Belief in the leadership comes from clarity of stated goal. From track record. From consistency of goal and message, and ownership for outcome. From perception of courage.

Belief in each other comes from understandingand respecting the roles of each team member. From having been dug out of holes when required. From a positive mindset and can do attitude. From shared purpose. From celebrating successes and learning from setbacks.

Belief in self comes from being given a stretch but with the saftey net of caoching and support. From being deployed in areas of one's strengths. From seeing a clear and consistent development path. From balanced feedback. From being given freedom to express oneself. From feeling valued. From recognition.

Confidence is killed instantly in some ways. By betrayal and mutiny. By dishonesty. By unsignalled changes of goal and direction. By loss of togetherness and shared purpose. By blame and threats (at least if these become pevasive). By bullying.

Overconfidence can be an enemy, but is not so common a problem. It manifests as complacency. Some sports teams lose to lesser opponents if they do not respect them or take the task seriously. It is good to always talk up the opposition, to make sure people understand that competition improves and winners improve faster.

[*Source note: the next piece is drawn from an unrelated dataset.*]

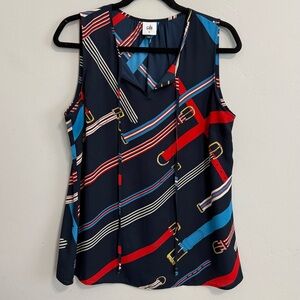 Cabi #5736 "Hold Up" sleeveless top in a navy, red, white belt print Sz. M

OK, so this is all very nice, but perhaps you are thinking this is only about sports. Let me share some other examples then. What about the USA under JFK? Japan in the 70's and 80's or China now? The British labour government under Blair and then Brown, or the tories under Thatcher and then Major? The US army in Iraq before and after Petraus? The entire financial community in 2008-09? Singapore before and after President Li? Toyota (well, Toyota until very recently). GE under Welsh. You can even look at how people combat serious illness. The ones who can stay positive and buoyant tend to do better.

So I firmly believe this is a very valuable indicator, and I feel it could be used much more in business. True, there is a lagging element to it, but I also believe that working on confidence can be a driver to performance improvement. I would go so far as to put it on dashboards and in GPA's. You can measure confidence through things like the Shell People Survey very easily or in more ad hoc ways.

As line managers, team members and senior leaders, we might learn to act very differently if building confidence was an explicit goal and part of our mindset. Look at at all the ways to build and destry confidence above, and judge yourself against your current behaviours and actions. If someone new joins your team, imagine if you saw your sole goal for the first three months as building their confidence? I suspect you could manage stretch with safety net. You could really seek to discover strengths and exploit them. You could be much clearer and simpler with goals and metrics. You could utilise buddies and other support from elsewhere within the team. And my contention is that this would be one of the simplest and most effective ways available to you to make a step change to your team performance.

It could also be a lever to steer and judge HR and the senior leadership. Confidence is lacking in Shell just now, that is so clear. What does a sports chairman do in those circumstances? Fire some of the coaches seems to be the knee jerk reaction, though not normally the most effective one, at least not always and certainly not when it becomes a habit.

Like so many other things, this can apply easily to all of us, whatever our position. Great sports teams have individuals within them, not always the captains or most talented, who serve to build confidence. In your teams, that could be you. Is it today? What will you do about it?

1 comment:

Anonymous said...

My confidence got consigned to room 101 many yeras back. It never came back out.